One of Trump’s first moves after his inauguration was to bring back the “Secure Communities” deportation program, which creates a database of undocumented immigrants arrested by local police and shares it with ICE. Proponents claim helps reduce crime and helps police solve crimes by better cooperating with federal authorities. The program, which was created under George W. Bush, was scrapped by Obama in 2014.
Data reviewed by Cal Davis researchers shows that some areas rolled out the program and deported as much as 0.5% of their entire population or more.
“The change in crime in these areas was similar to the change in areas that deported only a few people, or no one,” The Times reported, citing the study.
Deportations did not change crime rates:
The study looked at more than 1,000 local jurisdictions and their crime rates before and after they adopted the Secure Communities Program.
Researchers found a consistent result: there was no significant change in crime rates in areas with large numbers of deportations compared to those that deported few people or none at all.

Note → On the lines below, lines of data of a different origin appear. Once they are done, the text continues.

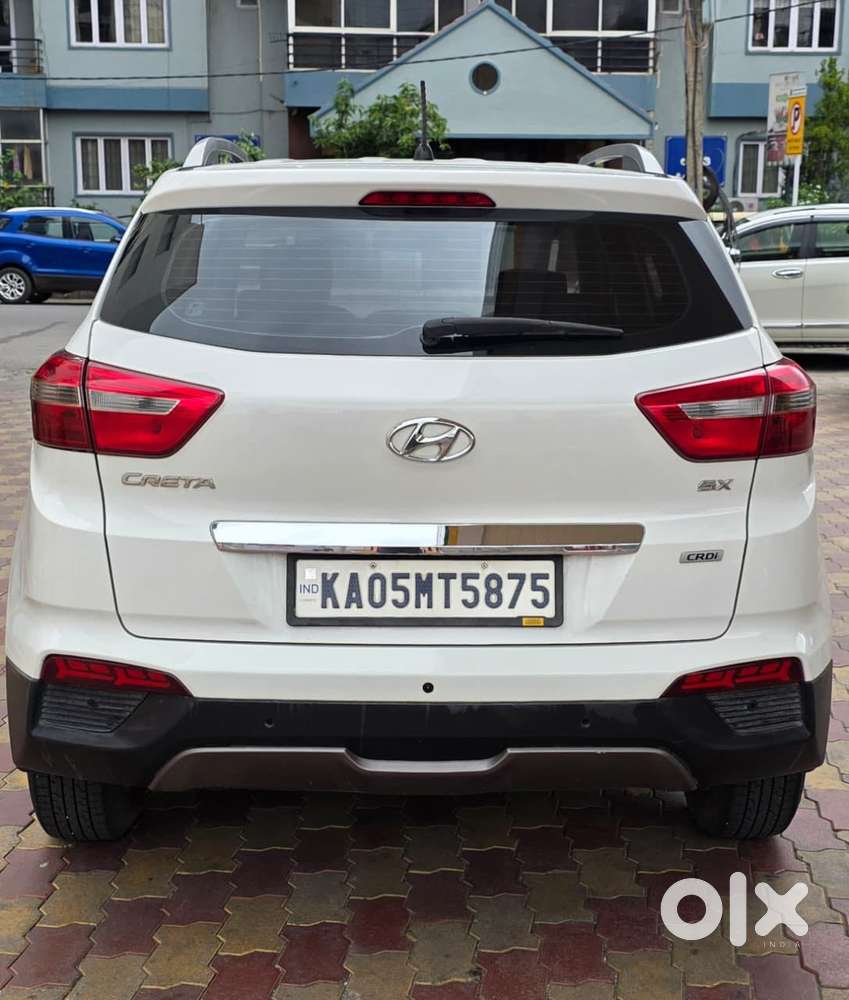 Hyundai Creta 1.6 Crdi Sx Plus, 2016, Diesel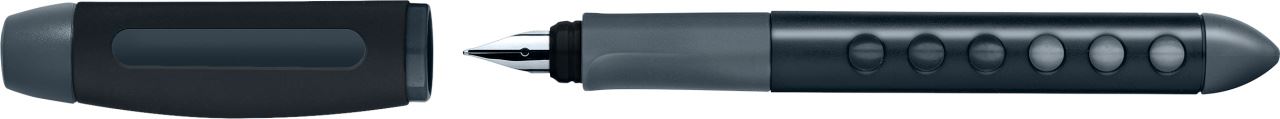 Faber-Castell - Scribolino school fountain pen, left-hander, black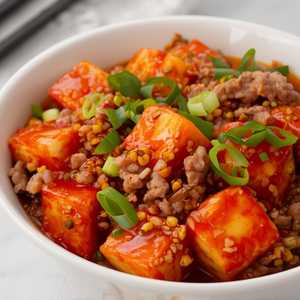 Ma Po Tofu w/ Minced Pork Sauce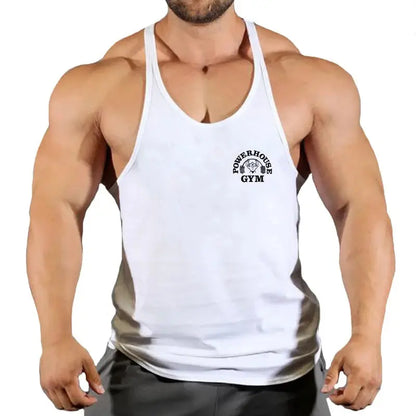 Top Men Gym / Bodybuilding / Fitness Sleeveless Shirt Ethics-Sports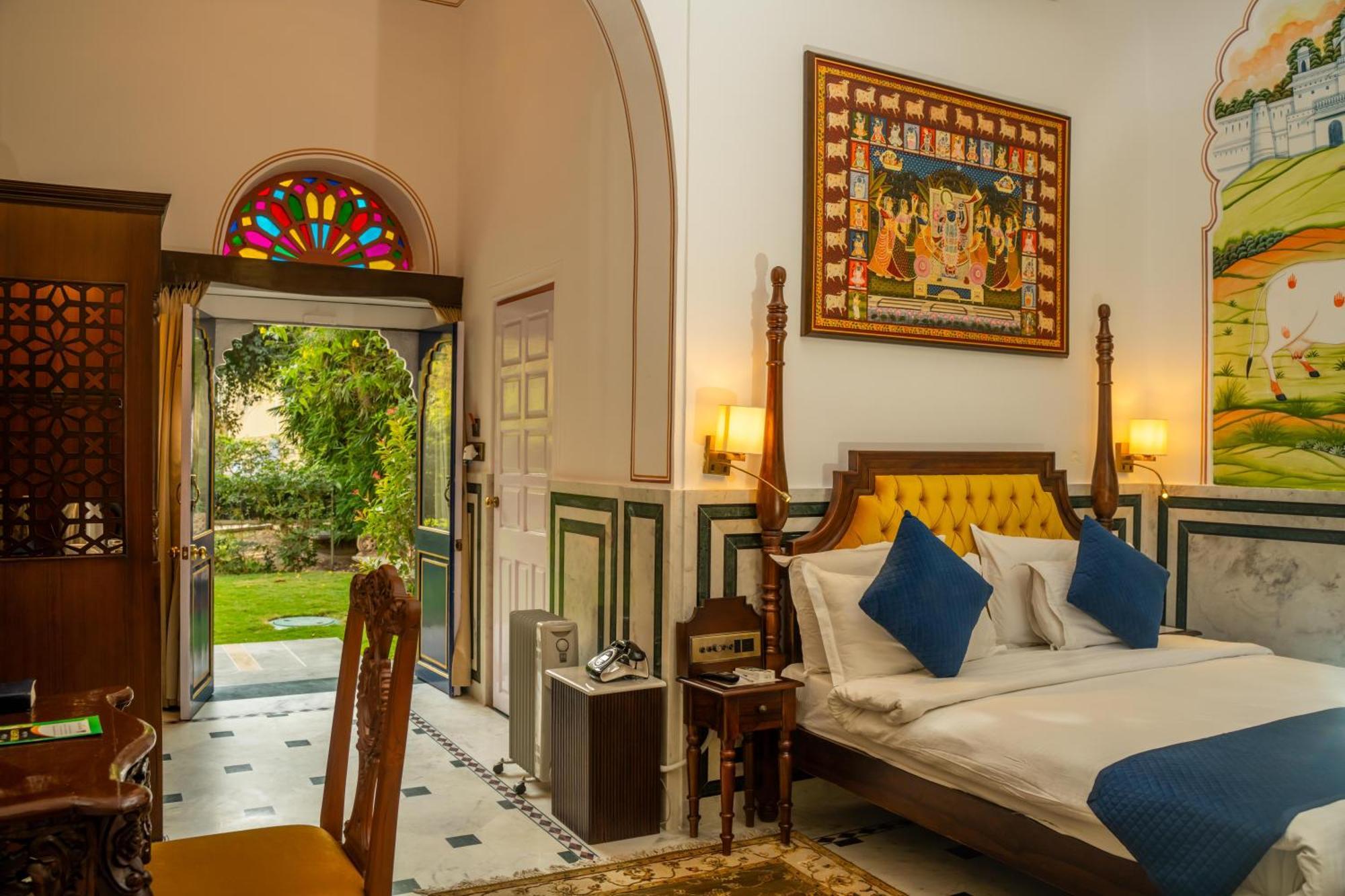Superior Double Room with Private Sit-Out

“Researchers compared deportations data from the Transactional Records Access Clearinghouse (TRAC) at Syracuse University with crime rates from the F.B.I. Uniform Crime Reporting program, finding no relationship between deportations and crime,” The Times reported. “They also saw no effect of deportations on violent or property crime, regardless of how aggressive deportations were in a given area.”
No trends at all showed a decrease in violent or property crime in areas with the largest numbers of deportations.
Other studies show deportations do not reduce crime:
"Research demonstrates that immigrants over all and undocumented immigrants in particular are less likely to be arrested than the native-born population; that both are less likely to be incarcerated; and that immigration does not raise an area’s local crime rates (neither does undocumented immigration)," the Times reported.
The study also disputed the claim that the program helps police solve more crimes.
Just as with crime, data on crime clearance rate showed similar rates between areas with high numbers of deportations and those with few or none at all.